I see people in long time sobriety, still posting on forums, still attending meetings, still actively getting support. Does this journey ever end? Or is this a permanent screwing for life?

I can totally understand being 5 months sober, i need to do everything right now to stay on track, but in 5 years from now?

Do i really need to be on recovery websites, attending groups, STILL talking about alcohol every single day?

For the people attending meetings 15 years latter after non drinking, do you still need support? Don't you see it as a hassle, to have to get in your car, drive to a location, and discuss drinking, In that long period of time are you still thinking about there is a possibility that you will go back to drinking?

I am feeling agitated today, and thankful that my tools have been working for myself, but i cant phantom the idea of having to live the rest of my life lift this. I want the journey to recovery to end, with out relapsing. Am I being realistic?

If im not, im just not sure if i can live the rest of my life, with the constant thought of alcohol EVERY single day. The feeling is not in fear of relapse, i would find it super annoying to discuss a topic 5 years latter, then i no longer have in my life.

biminiblue 07-09-2018 06:50 AM

Well, I picked up after 18+ years sober, so my angle on this is that what I did last time didn't work so I'm going to put it front and center this time.
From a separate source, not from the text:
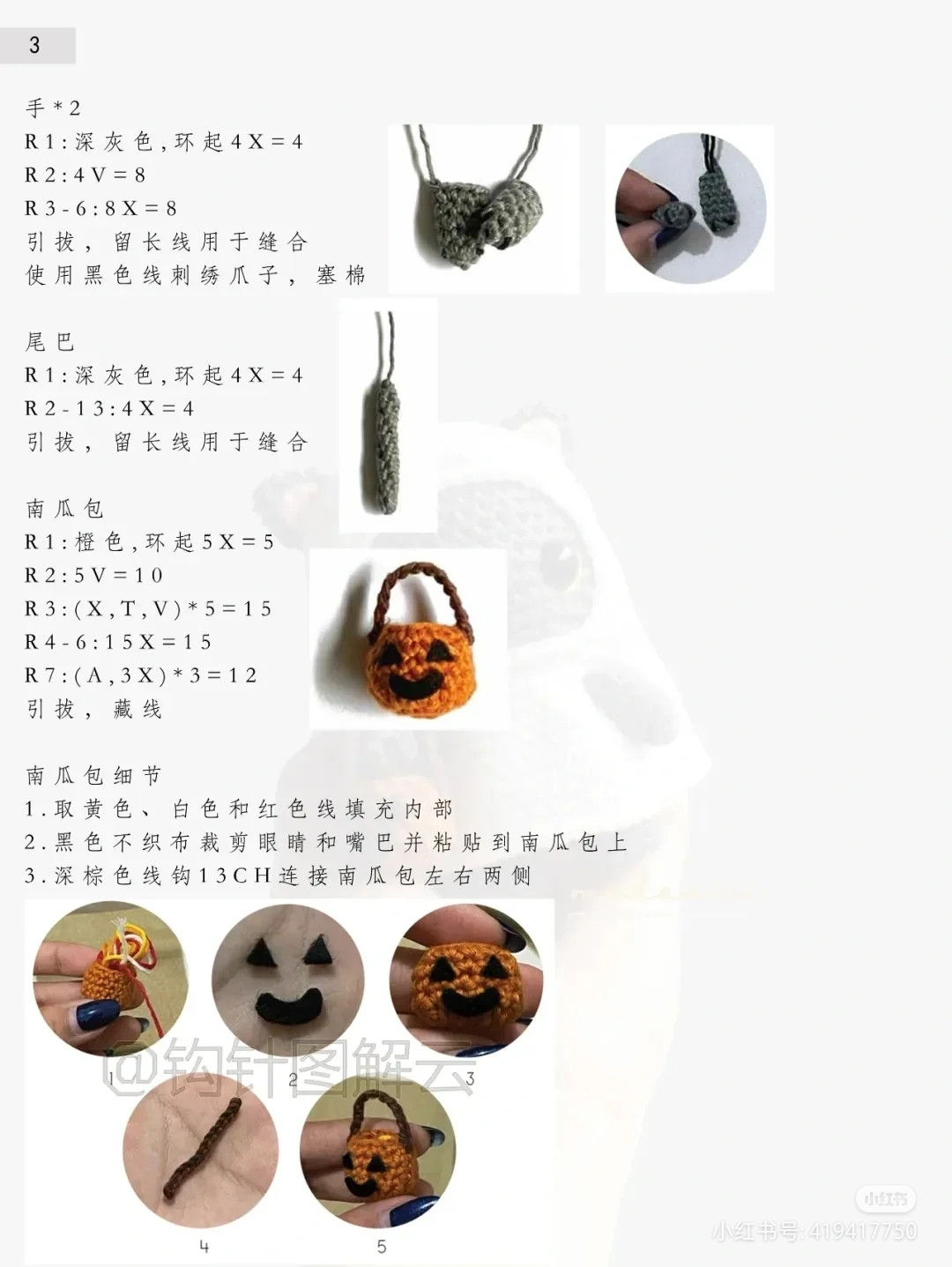 Adorable Crochet Cat in Halloween Costume Pattern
I am making sobriety the most valued thing I have.

I'm at four and a half years this time and though I'm not concerned nor worried, it doesn't hurt me to stay involved on this site - and I am daily reminded that drinking will not serve me in any way. Just read through any of the multiple relapse threads on any given day.

Your mileage may vary. Follow your own heart. :)

Behappy1 07-09-2018 06:51 AM

Very good question!! I am not far enough in my recovery to answer that, but I’m curious to know what others think as well.

cotwo 07-09-2018 06:53 AM


Originally Posted by biminiblue (Post 6949431)
Well, I picked up after 18+ years sober, so my angle on this is that what I did last time didn't work so I'm going to put it front and center this time. I am making sobriety the most valued thing I have.

I'm at four and a half years this time and though I'm not concerned nor worried, it doesn't hurt me to stay involved on this site - and I am daily reminded that drinking will not serve me in any way. Just read through any of the multiple relapse threads on any given day.

Your mileage may vary. Follow your own heart. :)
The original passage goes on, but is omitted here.